In a final podcast in which he explained why he was leaving, Sheahan said it was a phone call from Goodes which laid bare the deeply hurtful nature of what he said.
“When Goodesy rang me, and he’s almost the elder statesman of the Indigenous players, he wasn’t angry and he wasn’t nasty, but he certainly was decisive and said a couple of things to me that really cut deeply,” Sheahan said.
“I thought ‘well, again this issue of you don’t know what things mean to people unless you’re on the receiving end of it’.
“I said to Goodesy ‘well Adam, I’m sorry about that, but I’d like to think I could turn any corner in any city in Australia and confront an Indigenous player and we would welcome each other warmly’.

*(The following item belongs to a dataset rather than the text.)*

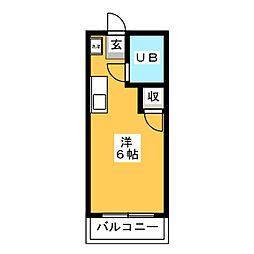 ユースコーポ北谷 ワンルームの間取図画像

“And he said to me ‘if you turn the corner tomorrow and you ran into me, I’d cross the road’, and I thought ‘geez’, that really cut me, to think that.”

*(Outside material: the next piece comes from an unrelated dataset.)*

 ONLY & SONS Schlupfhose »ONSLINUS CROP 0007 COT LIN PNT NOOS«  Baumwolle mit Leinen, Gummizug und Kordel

Mike Sheahan apologises after Adam Goodes call
The veteran columnist and TV host said he had been left shocked by the amount of people who had publicly condemned his comments.
Telling Newman he was ‘not as practiced as you are at dealing with public fallout’, Sheahan added that he realised he was wrong to speculate about the issue.

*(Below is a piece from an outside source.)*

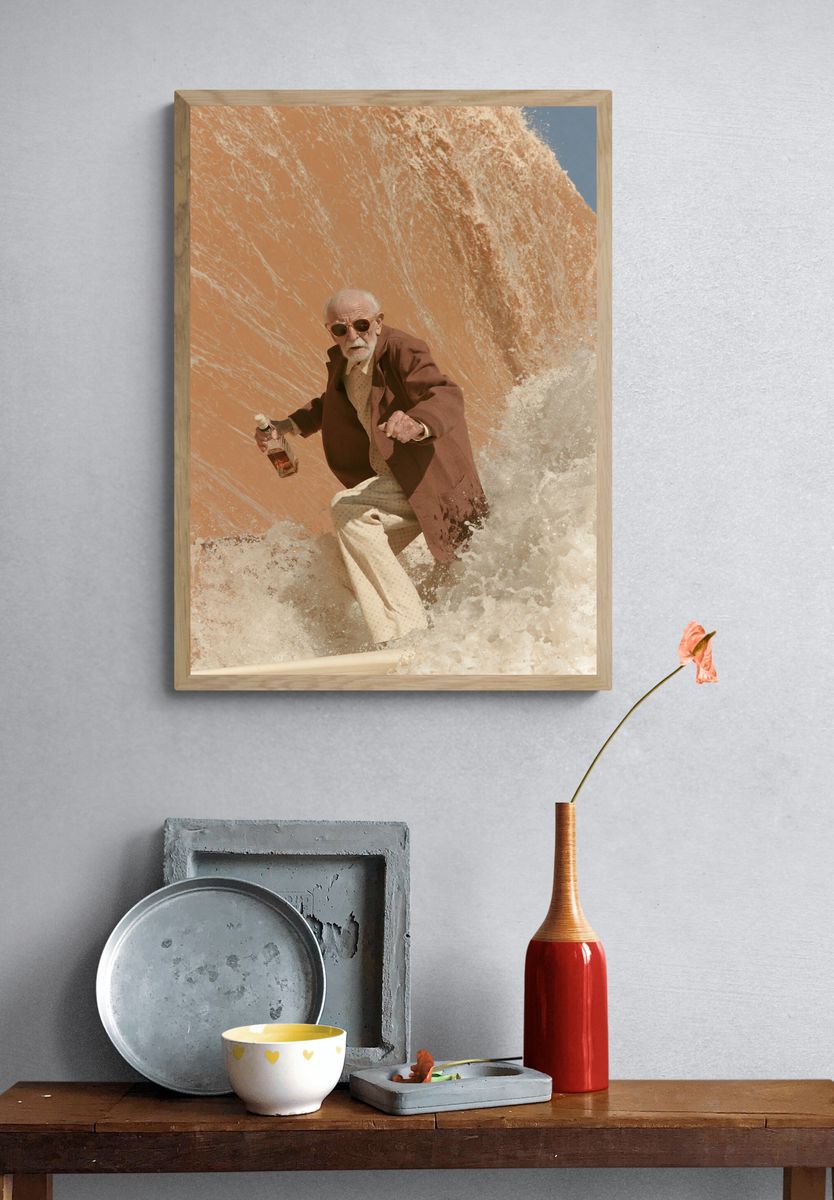 Surfer Elder Portrait Print. — room view 3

“(Goodes) said to me ‘we’ll stay mates, but the brothers were really disappointed in you and I am too and you have to wear the outcome of what you said’,” Sheahan reflected.
“The one thing it reminded me of, was unless you walk in their shoes, in the shoes of the Indigenous boys, you don’t understand, we don’t comprehend what it means to them and the impact it has on them.”